As a driver, you’re in control of over a tonne of metal and glass hurtling along at high speeds – a lethal weapon as a glance at the relevant statistics illustrates. In this post I want to ask – is stuffing cars full of potentially distracting – and manipulable – technology a dangerous move?
Concerns are abundant. For example, Samantha Murphy’s post talks about Ford’s updated SYNC system – this was designed as voice-control communications system with myriad applications. It would allow drivers to, for instance, activate their mobile phones (and dial numbers) by voice, as well as read out text messages to the driver; this would in theory allow greater focus on the road. In their own study, Ford deemed SYNC to have ‘significantly reduced the level of distraction’ faced by drivers.

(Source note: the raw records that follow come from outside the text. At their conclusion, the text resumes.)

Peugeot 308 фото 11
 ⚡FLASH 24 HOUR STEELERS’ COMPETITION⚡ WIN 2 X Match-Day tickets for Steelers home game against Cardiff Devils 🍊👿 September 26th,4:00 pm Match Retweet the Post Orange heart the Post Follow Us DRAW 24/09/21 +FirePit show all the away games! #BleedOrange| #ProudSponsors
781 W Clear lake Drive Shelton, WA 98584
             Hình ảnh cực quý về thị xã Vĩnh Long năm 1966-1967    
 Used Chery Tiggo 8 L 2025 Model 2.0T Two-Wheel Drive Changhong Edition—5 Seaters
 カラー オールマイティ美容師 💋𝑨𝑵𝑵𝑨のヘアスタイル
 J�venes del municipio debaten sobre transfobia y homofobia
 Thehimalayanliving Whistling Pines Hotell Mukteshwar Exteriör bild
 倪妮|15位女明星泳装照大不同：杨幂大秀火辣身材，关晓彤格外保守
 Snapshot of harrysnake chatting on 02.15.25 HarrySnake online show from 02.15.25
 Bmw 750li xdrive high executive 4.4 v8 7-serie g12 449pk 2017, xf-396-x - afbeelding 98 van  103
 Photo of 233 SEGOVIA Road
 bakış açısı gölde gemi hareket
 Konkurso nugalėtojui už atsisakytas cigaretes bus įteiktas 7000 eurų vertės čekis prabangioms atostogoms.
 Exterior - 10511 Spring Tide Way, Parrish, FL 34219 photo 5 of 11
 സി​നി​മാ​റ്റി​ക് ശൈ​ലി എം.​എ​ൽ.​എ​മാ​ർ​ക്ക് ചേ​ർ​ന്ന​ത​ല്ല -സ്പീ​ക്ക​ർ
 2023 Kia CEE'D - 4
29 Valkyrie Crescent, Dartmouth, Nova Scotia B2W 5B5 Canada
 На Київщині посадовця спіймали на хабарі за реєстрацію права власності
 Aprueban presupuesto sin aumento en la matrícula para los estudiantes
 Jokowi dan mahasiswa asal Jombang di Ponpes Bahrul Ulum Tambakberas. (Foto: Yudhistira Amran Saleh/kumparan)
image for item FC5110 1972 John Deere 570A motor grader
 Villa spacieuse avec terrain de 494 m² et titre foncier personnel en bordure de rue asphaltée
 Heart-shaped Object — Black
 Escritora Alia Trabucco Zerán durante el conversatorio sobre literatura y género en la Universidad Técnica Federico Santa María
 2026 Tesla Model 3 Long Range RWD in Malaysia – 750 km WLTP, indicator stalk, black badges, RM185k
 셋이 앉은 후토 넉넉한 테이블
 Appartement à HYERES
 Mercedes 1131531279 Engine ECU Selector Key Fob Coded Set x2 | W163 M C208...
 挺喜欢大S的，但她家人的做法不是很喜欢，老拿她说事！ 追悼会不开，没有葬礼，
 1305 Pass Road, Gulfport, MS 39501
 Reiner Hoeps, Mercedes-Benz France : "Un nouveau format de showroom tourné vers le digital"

It was indeed originally the use of mobile phones whilst driving which sparked this whole debate. Do innovations like SYNC, which aim to do away altogether with the manual operation of technology whilst driving, solve this dilemma? Perhaps not, as an old THINK! radio advert emphasized: “It’s hard to concentrate on two things at the same time. Think! Switch your mobile off!” So even with ‘hands on the wheel and eyes on the road’, talking on the phone carries a risk – it can cause ‘dangerous mental distractions’. Psychologically, it can require greater concentration than talking with someone physically present in the car. Speech is not the only distracting area of in-car technology; often, simply inputting or clarifying an instruction to the tech system can ‘create a level of cognitive demand which makes it harder to attend’.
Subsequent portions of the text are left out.